Even when Syria was one of the most stable countries in the region, thousands of Syrian Christians left the country each year.

Imagine the current situation lasting another 20 years, Father Bcheiry adds.

“We are becoming a weaker and weaker Christian community in the Middle East.

“We are witnessing, for real, a chapter of a dying Christianity in the Middle East.”

During the celebration of the Divine Liturgy in early May, St. Afrem remembered the Christians massacred in the Ottoman Turkish Empire exactly 100 years ago.

“This is our real tragedy because it’s well known as Armenian. And Armenians were the majority who died, but also hundreds of thousands of Syrians died,” Father Bcheiry says of the Middle East’s Syriac Christian community known as Aramaean, Assyrian, Chaldean or Syrian.

According to records compiled by the patriarchate, one-third of the Syriac Orthodox Church in the Middle East perished in 1915, the “Year of the Sword.” Those who survived were deported or fled, many seeking refuge in Baghdad, Beirut, Damascus and Mosul. Many of these families later settled in North America’s burgeoning industrial cities.
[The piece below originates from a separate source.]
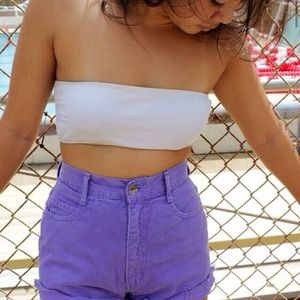 Purple denim high-waisted shorts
“Syrians, they were just peaceful people living in peaceful villages,” he says, adding that they did not have a political agenda beyond living their daily lives. “We were not even against the Ottomans. We were just cut from the world and nobody mentioned it.”

Father Bcheiry does not tell his colleagues at the factory that he is a priest.

“In the end, I am going there for work,” he says.

However, he cannot help but do a little quiet ministry. For example, if he discovers someone is a Christian, he says, he chats casually about the faith, asking questions and listening intently.

Occasionally, coworkers discover his vocation.

“They will say, ‘We know you are priest. You wrote a book. Why are you working in a factory?‘ ” he says, laughing.

“I’m coming from the world of theories,” he says. “We celebrate the Eucharist but we see it under the form of bread and wine. Our life is around faith, things we don’t see. In fabricating, we are dealing with things that you touch in your hand.”

And this line of work is changing him, and helping him to develop his “practical theology.”

“For a priest, working in a factory affects his theology; you appreciate so much the practical things.”

“To make a living, it’s not an easy thing,” he continues. “This is real life, working in a factory not by choice. I believe God chose this in order to teach me exactly what priesthood is,” he says. “It’s a cross I have to bear.”

An eternal student, he has taken this lesson well. “It is beautiful,” he says, “but it is not easy.”

Joyce Duriga is editor of Catholic New World, the newspaper of the Archdiocese of Chicago.